Scotland’s music industry generated £431m in spending last year.
UK Music’s inaugural Music By Numbers report revealed that 1.1 million tourists from across Britain and overseas visited Scotland in 2018 to attend a live gig.
The report, published on Wednesday, highlighted the key role music plays in Scotland’s economy and showed that the number of jobs sustained by the industry throughout 2018 was 4300.
Overall, the UK music industry contributed £5.2bn to the economy last year.
Live music raked in £1.1bn – up 10% from 2017 – while successful British acts including Ed Sheeran, Dua Lipa and Sam Smith helped exports of UK music soar in 2018 to £2.7bn.
UK Music measured the health of the music business by collating data from its partners about the industry’s contribution in goods and services, known as Gross Value Added (GVA), to the UK’s national income or Gross Domestic Product (GDP). Exports are part of this contribution.

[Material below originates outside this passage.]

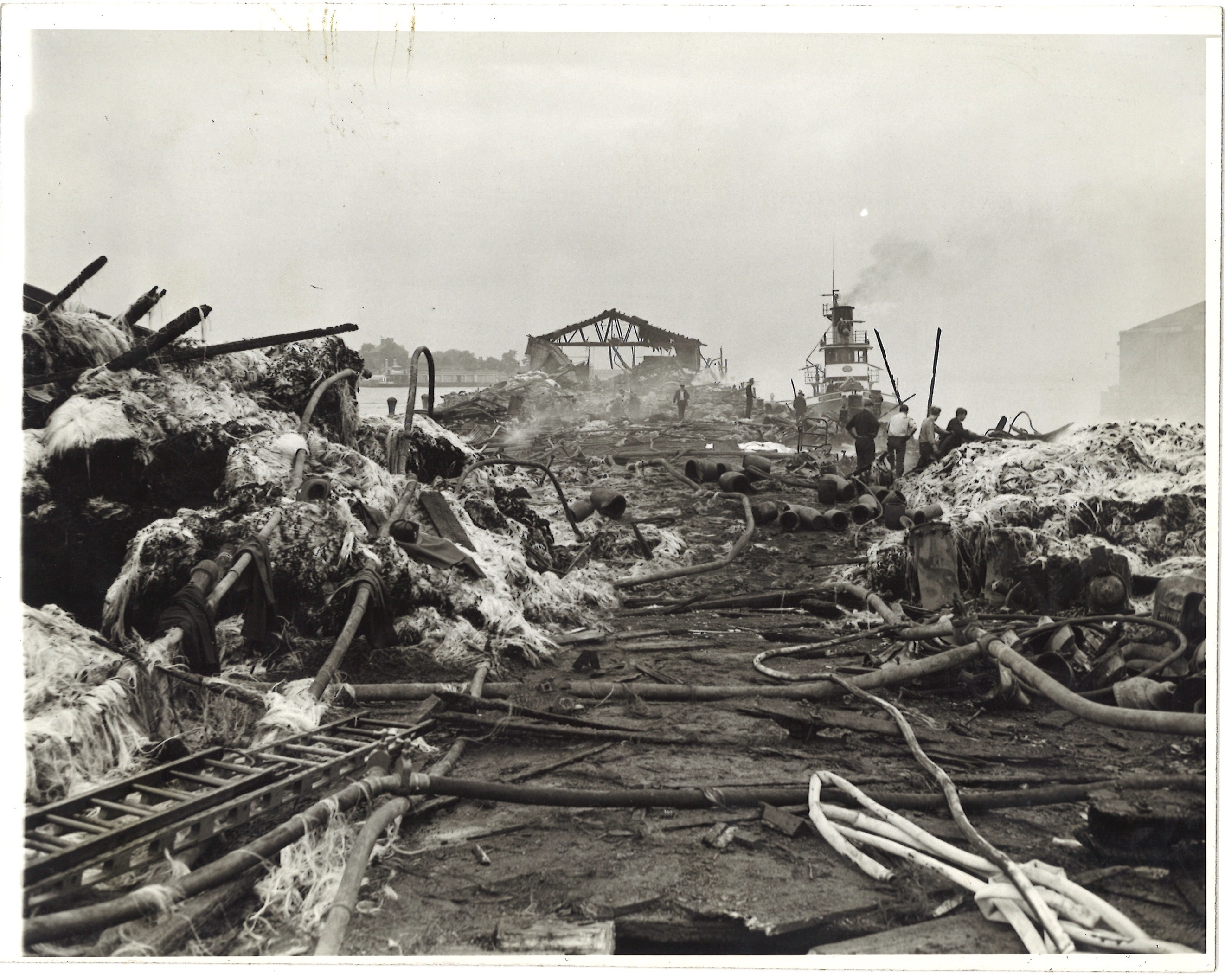 scanned for database, front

The recorded music sector contributed £568m in GVA to the UK economy – a rise of 5% on £535m in 2017, and £478m in exports – an increase of 8% on £452m.

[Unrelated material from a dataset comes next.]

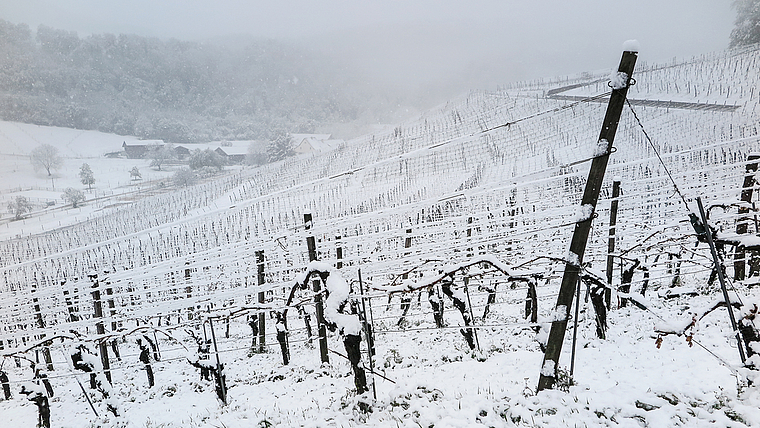 Zuerst erfroren, dann verschneit: Ein Blick in die Kluser Reben ergab gestern ein trauriges Bild.  Foto: Edmondo Savoldelli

UK Music CEO Michael Dugher said: “Our report reveals firm evidence that the British music industry is in great shape and continuing to lead the world.
“The figures are hugely encouraging and show that, as well as enriching the lives of millions of people, music makes an incredible contribution to the UK’s economy.

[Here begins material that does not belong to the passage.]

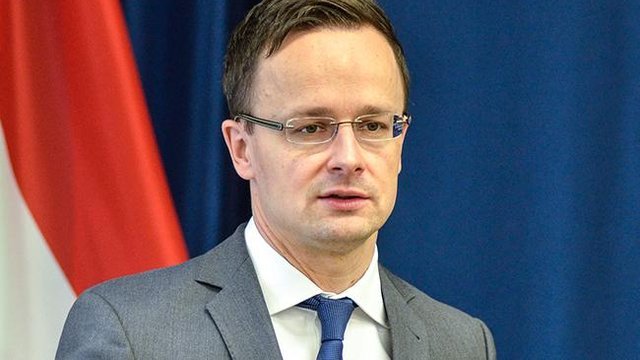 МИД Венгрии вызвал посла Украины из-за «насильственной охоты» за венграми в Закарпатье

“Live music is now at a record high and continues to draw millions of fans from both the UK and abroad to our arenas and smaller venues alike.
“Music exports are another amazing success story with the best of British creative talent being showcased across the globe.
“However, this is not a time for complacency. We face many challenges to ensure we keep our music industry vibrant, diverse and punching above its weight.
“We need to do more to protect grassroots venues by helping them combat soaring business rates. We need to nurture the talent pipeline, including by reversing the decline of music in education, so that children from every background have access to music.
“We need to make sure that creators get fair rewards for their content and are not ripped off by big tech. And we urgently need to ensure that the impact of Brexit doesn’t put in jeopardy the free movement of talent, just at the time when we should be looking outwards and backing the best of British talent right across the world.”